• Task description: When you reach the line with "2024 John Deere X9 1000 Combine", start repeating the lines exactly and keep going to the end of the records, but drop every picture.

• The data:
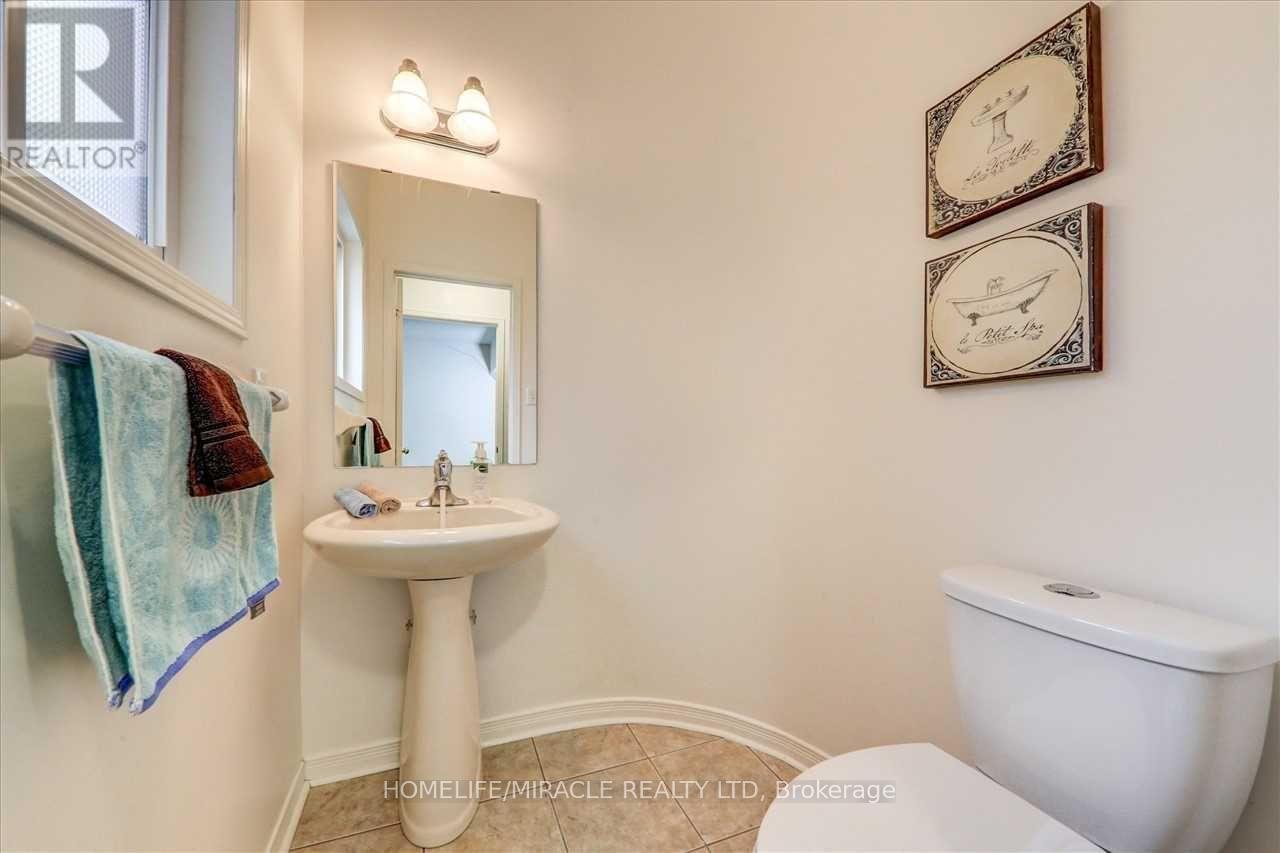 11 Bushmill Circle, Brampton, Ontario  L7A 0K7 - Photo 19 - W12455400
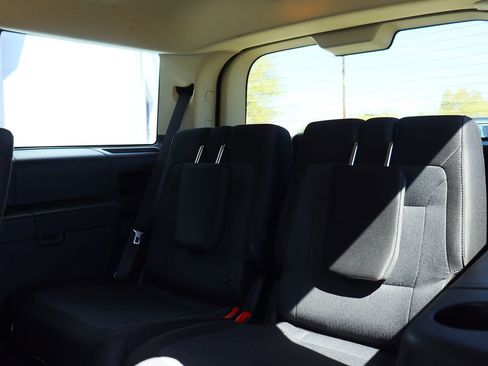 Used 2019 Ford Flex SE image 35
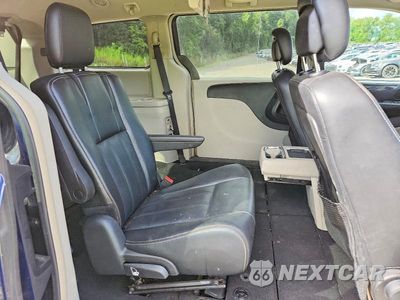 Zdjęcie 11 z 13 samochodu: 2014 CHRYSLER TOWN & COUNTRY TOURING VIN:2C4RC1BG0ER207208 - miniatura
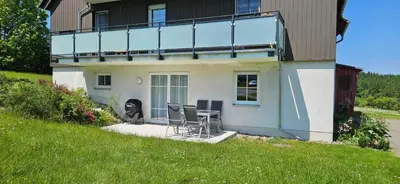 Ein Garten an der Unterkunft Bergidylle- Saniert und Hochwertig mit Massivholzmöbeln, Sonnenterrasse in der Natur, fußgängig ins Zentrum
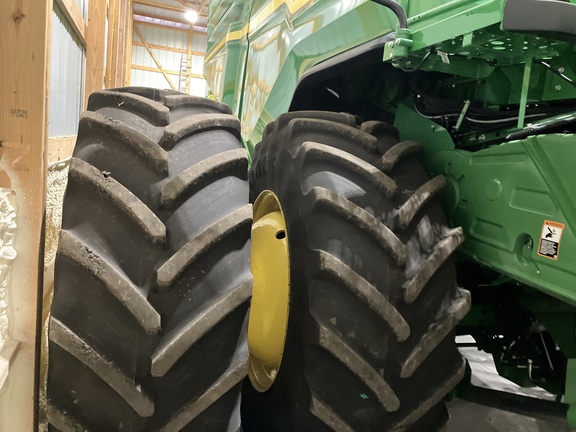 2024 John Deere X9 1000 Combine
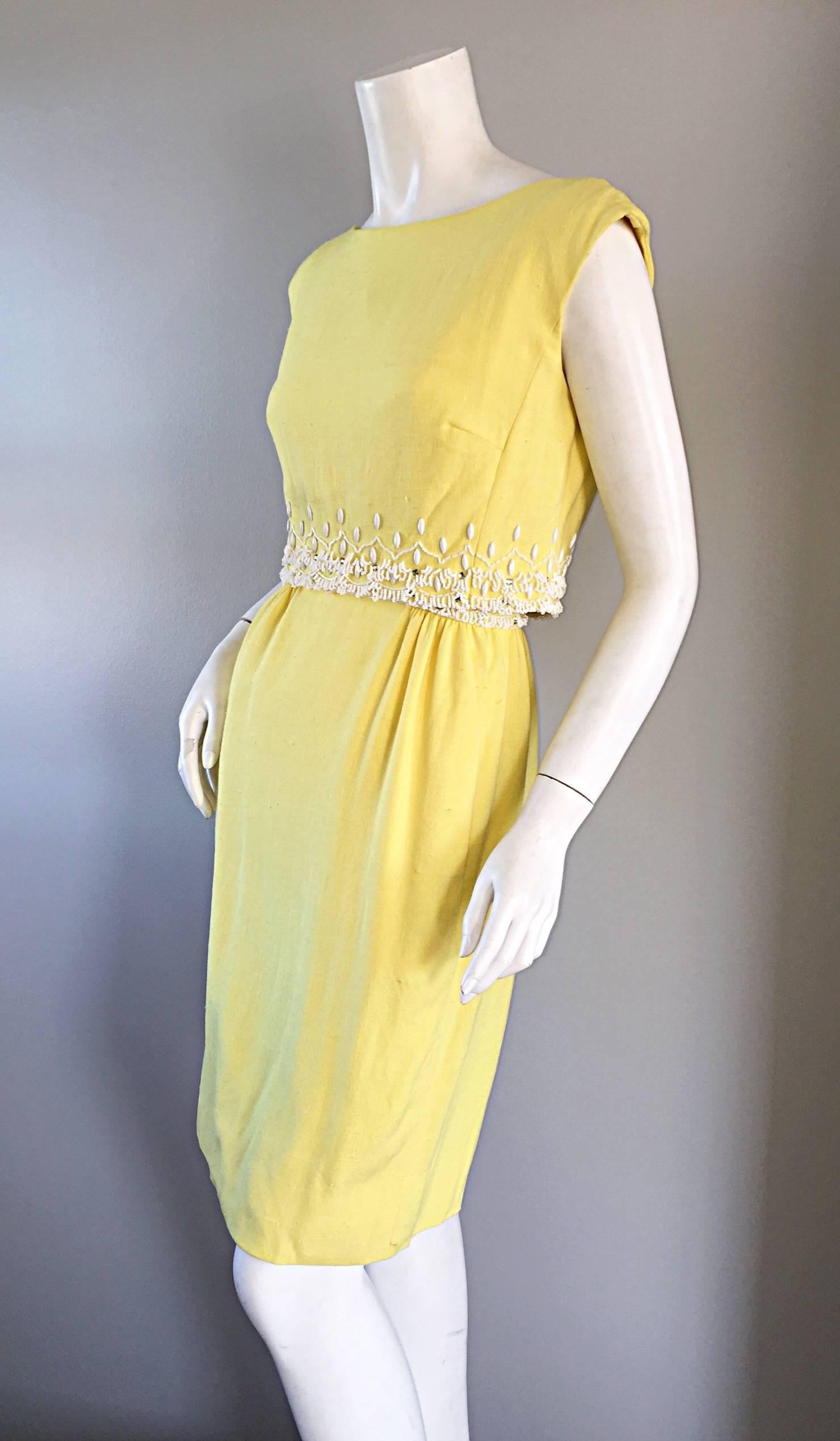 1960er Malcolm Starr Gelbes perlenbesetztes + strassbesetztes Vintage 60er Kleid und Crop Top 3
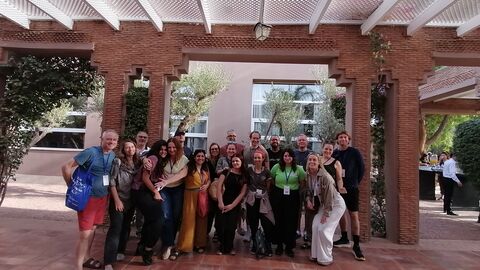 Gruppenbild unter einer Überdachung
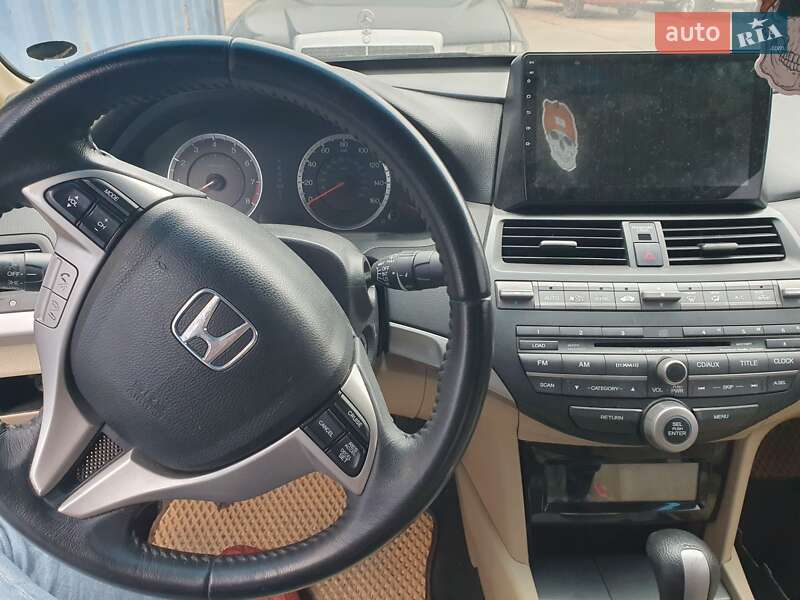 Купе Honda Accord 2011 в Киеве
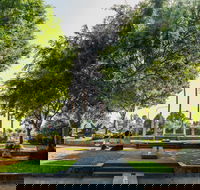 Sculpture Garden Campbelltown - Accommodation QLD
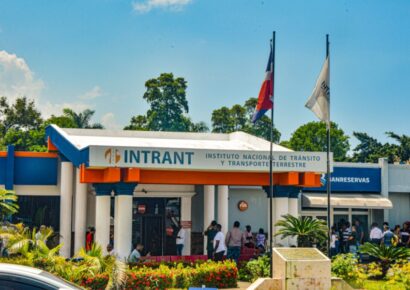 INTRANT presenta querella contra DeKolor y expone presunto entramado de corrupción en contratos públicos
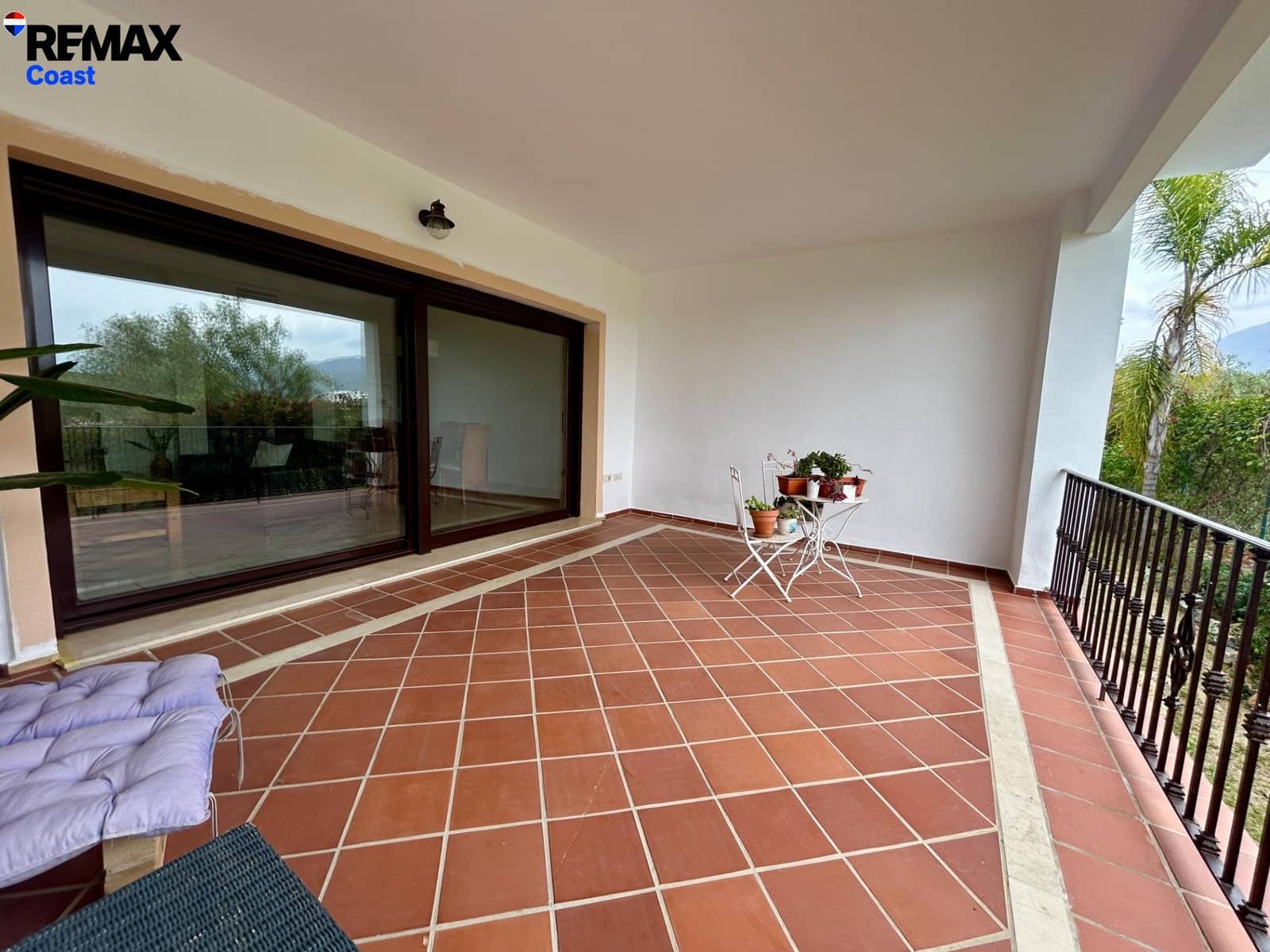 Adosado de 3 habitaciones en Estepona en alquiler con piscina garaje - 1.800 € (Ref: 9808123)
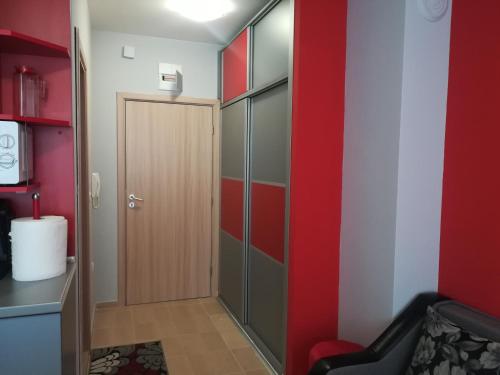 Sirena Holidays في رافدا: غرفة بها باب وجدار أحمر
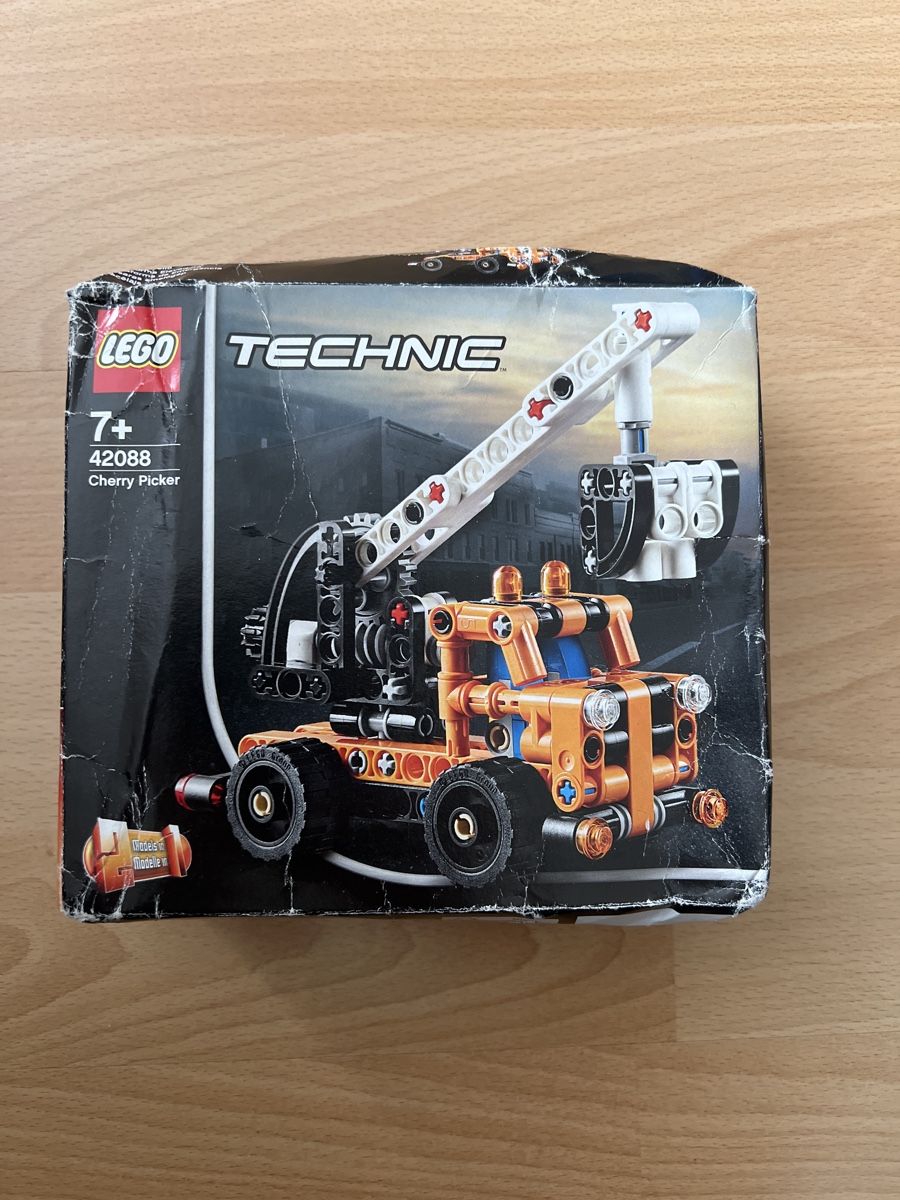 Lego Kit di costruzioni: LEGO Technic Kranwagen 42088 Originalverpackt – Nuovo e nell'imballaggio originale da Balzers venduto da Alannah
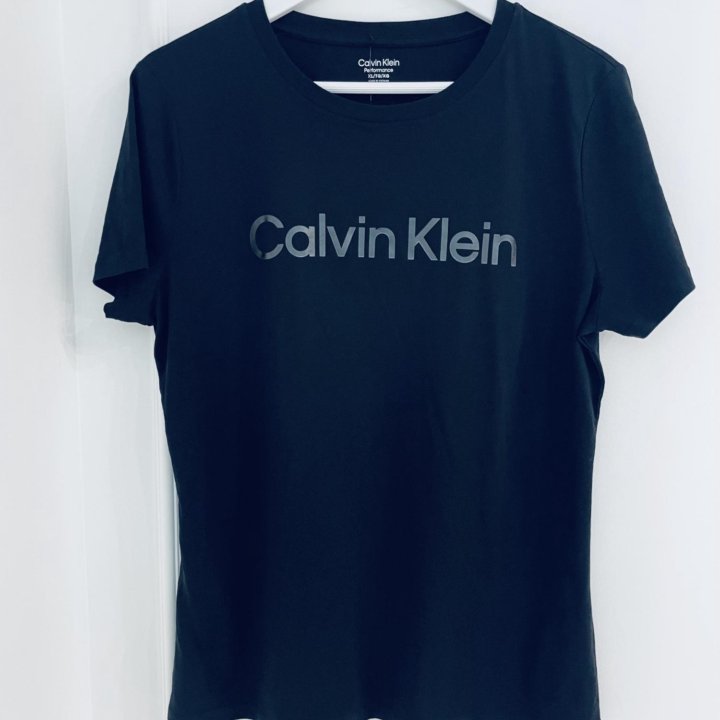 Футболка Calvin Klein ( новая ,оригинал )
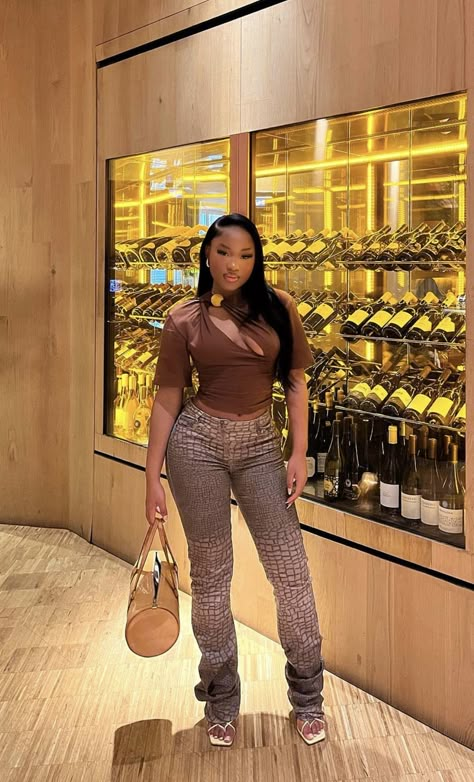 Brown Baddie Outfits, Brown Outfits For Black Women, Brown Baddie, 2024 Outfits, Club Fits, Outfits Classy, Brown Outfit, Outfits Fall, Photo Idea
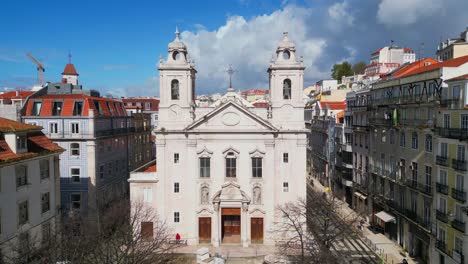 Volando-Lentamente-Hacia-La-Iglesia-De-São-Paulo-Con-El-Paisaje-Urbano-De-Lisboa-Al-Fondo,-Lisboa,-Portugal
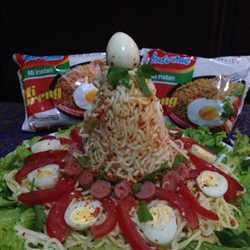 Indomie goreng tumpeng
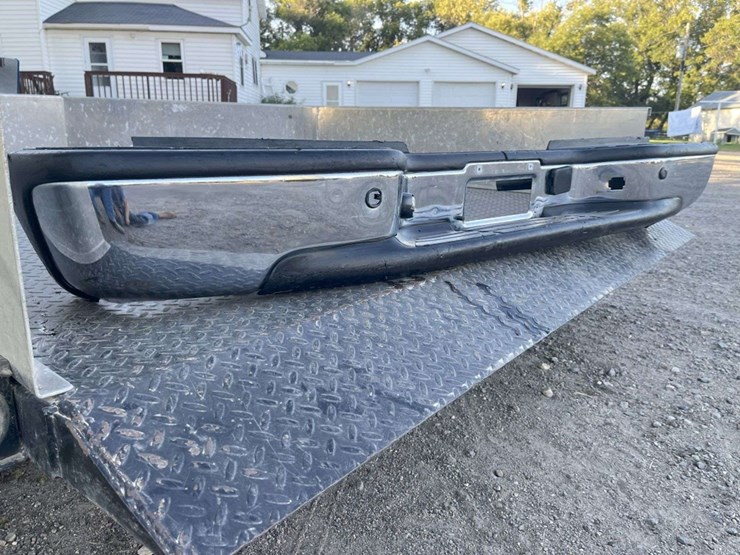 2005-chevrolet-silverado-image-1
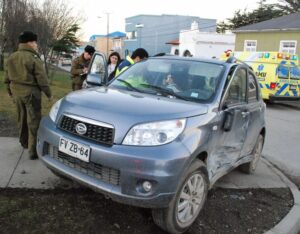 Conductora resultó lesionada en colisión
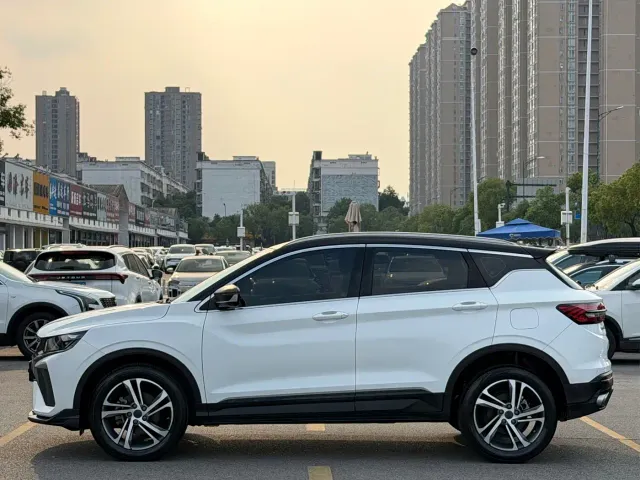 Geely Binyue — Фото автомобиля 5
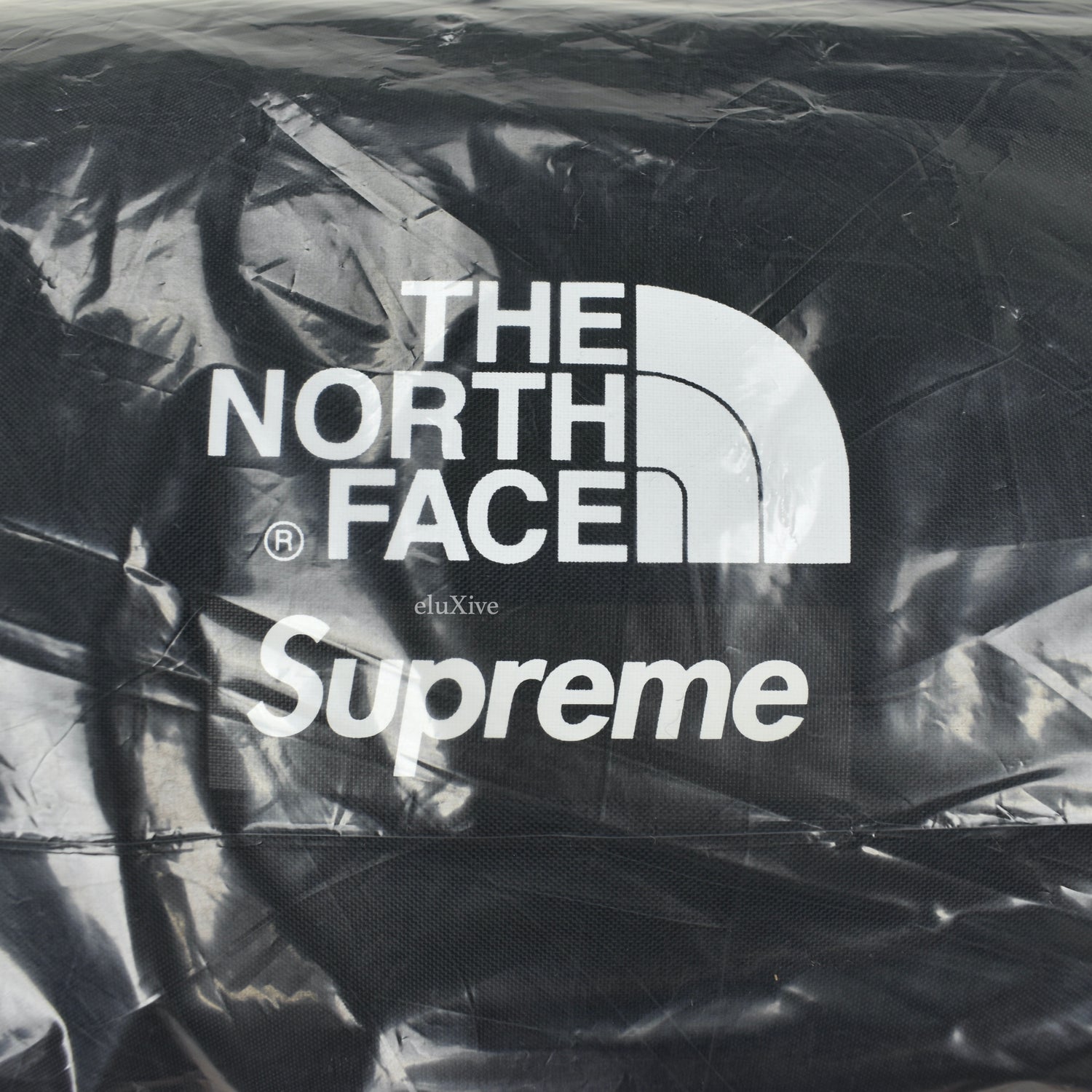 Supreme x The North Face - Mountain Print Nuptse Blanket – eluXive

• Answer below:
 2024 John Deere X9 1000 Combine
 1960er Malcolm Starr Gelbes perlenbesetztes + strassbesetztes Vintage 60er Kleid und Crop Top 3
 Gruppenbild unter einer Überdachung
 Купе Honda Accord 2011 в Киеве
 Sculpture Garden Campbelltown - Accommodation QLD
 INTRANT presenta querella contra DeKolor y expone presunto entramado de corrupción en contratos públicos
 Adosado de 3 habitaciones en Estepona en alquiler con piscina garaje - 1.800 € (Ref: 9808123)
 Sirena Holidays في رافدا: غرفة بها باب وجدار أحمر
 Lego Kit di costruzioni: LEGO Technic Kranwagen 42088 Originalverpackt – Nuovo e nell'imballaggio originale da Balzers venduto da Alannah
 Футболка Calvin Klein ( новая ,оригинал )
 Brown Baddie Outfits, Brown Outfits For Black Women, Brown Baddie, 2024 Outfits, Club Fits, Outfits Classy, Brown Outfit, Outfits Fall, Photo Idea
 Volando-Lentamente-Hacia-La-Iglesia-De-São-Paulo-Con-El-Paisaje-Urbano-De-Lisboa-Al-Fondo,-Lisboa,-Portugal
 Indomie goreng tumpeng
 2005-chevrolet-silverado-image-1
 Conductora resultó lesionada en colisión
 Geely Binyue — Фото автомобиля 5
 Supreme x The North Face - Mountain Print Nuptse Blanket – eluXive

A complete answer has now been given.